7 Biomass Mapping
In order to quantify the biomass growth rates and the total emissions lost due to degradation, we have developed a multi-temporal modelling approach to estimate the spatial variability and distribution of aboveground biomass.
To achieve this we have adopted a machine learning workflow that uses the following data sources: aerial LiDAR scan (ALS) data from 2016 describing canopy height, USGS Landsat 8 Level 2, Collection 2, Tier 1, Sentinel-1 SAR GRD: C-band Synthetic Aperture Radar Ground Range Detected, log scaling, and forest plot data from the Kuamut Project area.
These data are used as inputs to a Machine Learning Pipeline, the structure of which is depicted in Figure 7.1 below:
7.1 Input data Aquisition and Processing.
7.1.1 Landsat 8
Annual composites of Landsat 8 (L8) imagery were created for the Kuamut project area using Google earth engine. All images, in a given year, with a cloud cover faction < 50% were retained, cloud masking of images was carried out using the rgeeExtra package (Aybar et al. 2020). L8 values were then rescaled to provide the correct floating point value for each band. The following spectral indices (presented in Table 7.1) were then calculated using {rgeeExtra} package (Aybar et al. 2020)- see Awesome Spectral Indices (David Montero 2022) for further information:
Median composite L8 images were then generated for years 2015:2022. The following bands were removed from the resulting rasters as they were not considered to be informative for the purposes of biomass estimation and/or contained significant data gaps: Aerosol Quality Assessment, Emissivity standard deviation, Pixel Quality, Radiometric saturation, Distance to cloud, Surface temperature uncertainty.
7.1.2 Sentinel 1 (S1)
All S1 images, for a given year, that intersected the area of interest were collected. Each image was preprocessed using the following steps according to (Mullissa et al. 2021):
Erroneous values can occur on the edges of S1 imagery, these effects were masked for every image used in each annual collection.
A monotemporal Gamma despeckle filter, with a kernel size of 9 was used to reduce speckle noise in each of the images.

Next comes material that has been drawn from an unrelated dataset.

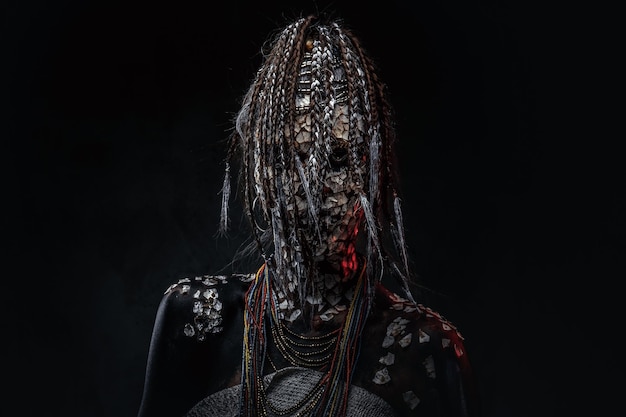 Free photo portrait of a scary african shaman female with a petrified cracked skin and dreadlocks on a dark background. make-up concept.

slope correction was then applied using a volumetric method with slope derived from SRTM 30 m data.
The Ratio between VV and VH polorizaion bands was calculated by dividing the VV band by the VH band and was subsequently converted to dB.
Each image therefore included 3 bands: VV, VH and VV:VH ratio. The median composite of all images from each year was then derived. All S1 preprocessing was carried out using Google Earth Engine and the {rgee} package (Aybar et al. 2020).
7.1.3 Terrain Data
The Copernics GLO 30 m global digital evelation model (DEM) was used to derive terrain data for the area of interest.
Further terrain metrics were derived from this DEM which included: slope, aspect, minimal curvature, mean curvature. Slope and aspect were calculated using the {terra} R package (Hijmans 2023). minimal curvature and mean curvature were calculated using the {Whitebox} R package. curvature metrics were calculated on a resampled DEM with a resoution of 150 m.
7.1.4 Temporal smoothing
Temporal smoothing/harmonisation was essential in order to enable the application of the same model across different time steps, ensuring consistent prediction and error estimates through time.
7.1.4.1 Monitoring Report 1 (2016:2021):
All the bands from the rasters discussed above were combined into a data cube, comprising a total of 41 bands. In order to harmonize the data between annual composites, it was necessary to apply temporal smoothing across each band of the data cube for all years (2015:2022). Although this Monitoring report focuses on the years 2016:2021, including years 2015 and 2022 improves the temporal smoothing estimation for those non-endpoint years and enables growth rate estimates for 2021.
This was achieved by fitting a loess regression for every cell of the data cube across time. This was applied to every band in the data cube using a span value of 2.0.
7.1.4.2 Monitoring Report 2 (2022:2023)
For this monitoring period, a full year of imagery was not yet available (2024). Therefore in order to mitigate the risk of over-fitting during the temporal smoothing process, we opted to use a linear interpolation method to smooth the data cube. The linear fit was applied for all years from 2015-2023 but only the year 2023 was carried forward for further analysis. For the MR1 period we had limited concern of over-fitting because forest plot data were collected in 2022, ensuring the constraint of predicted values for 2022. Adopting linear smoothing for 2023 conservatively allows for extrapolation in the absence of additional field data.
7.2 Canopy Height Model prediction.
A tree Canopy Height Model (CHM) was generated from LiDAR data, collected in 2016 as part of Asner et al. (2018). Using the gdalwarp utility (via the {ezwarp} package (Graham 2024)), we resampled the 2 m canopy height model to align with our data cube at a resolution of 30 m, using bilinear interpolation.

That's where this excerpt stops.